What lives in workflows/ β
Every JSON file is a complete ComfyUI workflow. Static defaults for all node inputs; per-request fields are mutated by routes/<op>.py before submission.
Naming convention:
- Primary use of an upstream model β use the upstream model name as-is. Examples:
qwen_image_2512.json(the Qwen-Image-2512 generator),qwen_image_edit_2511.json(the Qwen-Image-Edit-2511 editor). This keeps stems aligned with what gateway aliases and downstream references already call the model. - App-level pattern reusing an upstream model differently β
<operation>_<model>so the same model can ship in multiple roles. Examples:multiref_qwen_image_2511.json(Qwen-Image-Edit-2511 in 3-image-input multi-ref mode),region_edit_florence2_sam2_qwen.json(queued Phase 4). - Specialized model entirely β
<operation>_<model>is fine when the model name alone doesn't tell you which op it serves. Example:bgremove_birefnet.json.
Stems must be unique; the route's DEFAULT_STEM constant must match the JSON filename exactly.
Authoring a new workflow β
Step 1: Build it in ComfyUI's UI β
The fastest way is to:
- Open
http://comfyui:8188in a browser - Drag in the nodes you need (use Manager to install custom nodes if missing)
- Connect inputs/outputs
- Test with a manual queue submission
- Save the workflow as JSON via Workflow β Save (API Format)

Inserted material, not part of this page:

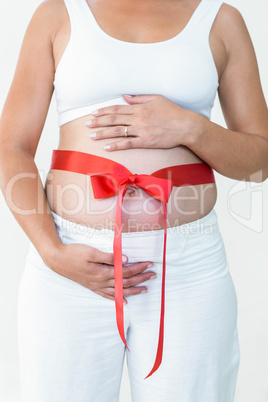 Midsection of pregnant woman with a red ribbon around her bump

Important: save in API format, not the editor format. API format is what protoBanana submits. Editor format includes layout metadata that ComfyUI's
/promptendpoint won't accept.
Step 2: Strip metadata keys β
Top-level keys without class_type will crash ComfyUI when submitted (see DECISIONS.md Β§0003). The WorkflowLoader strips them automatically, BUT β you can leave a single _doc field inline for the next reader:
{
"_doc": "Background removal via BiRefNet (commercial-safe).",
"4": { "class_type": "LoadImage", "inputs": {...} },
"10": { "class_type": "RMBG", "inputs": {...} },
"9": { "class_type": "SaveImage", "inputs": {...} }
}The loader keeps only the class_type-having entries.

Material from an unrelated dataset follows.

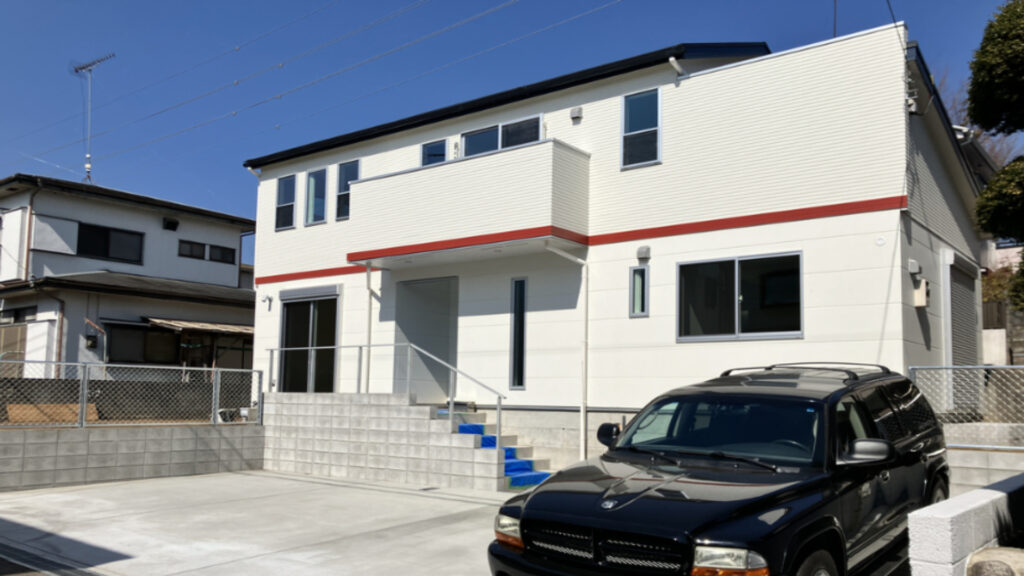 赤ラインが特徴的な白い外観の新築住宅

Step 3: Pick stable node IDs for substitution β
Convention across protoBanana workflows:
| Node ID | Class type | Purpose |
|---|---|---|
3 | KSampler | Sampler β substitute seed, steps, cfg |
4 | LoadImage | Init image (single-image workflows) β substitute image filename |
5 | EmptySD3LatentImage / EmptyLatentImage | Canvas β substitute width, height |
6 | TextEncodeQwenImageEditPlus (edit/multiref) or CLIPTextEncode (gen/bgremove) | Positive prompt β see below |
7 | TextEncodeQwenImageEditPlus (edit/multiref) or CLIPTextEncode (gen/bgremove) | Negative prompt |
8 | VAEDecode | Decoder (rarely substituted) |
9 | SaveImage | Output (rarely substituted) |
10-19 | (model-specific) | E.g. RMBG node, BiRefNet node, etc. |
14 | ImageScaleToTotalPixels | Resize to model's native (~1.05M px) |
15 | VAEEncode | Encode init image to latent |
37 | UNETLoader | The diffusion UNet |
38 | CLIPLoader | Text encoder loader |
39 | VAELoader | VAE loader |
100-102 | LoadImage | Multi-ref slots (2-3 images) |
110-112 | ImageScaleToTotalPixels | Multi-ref resizes |
Following this convention means existing routes can sometimes work without modification; deviating means you write a new substitute().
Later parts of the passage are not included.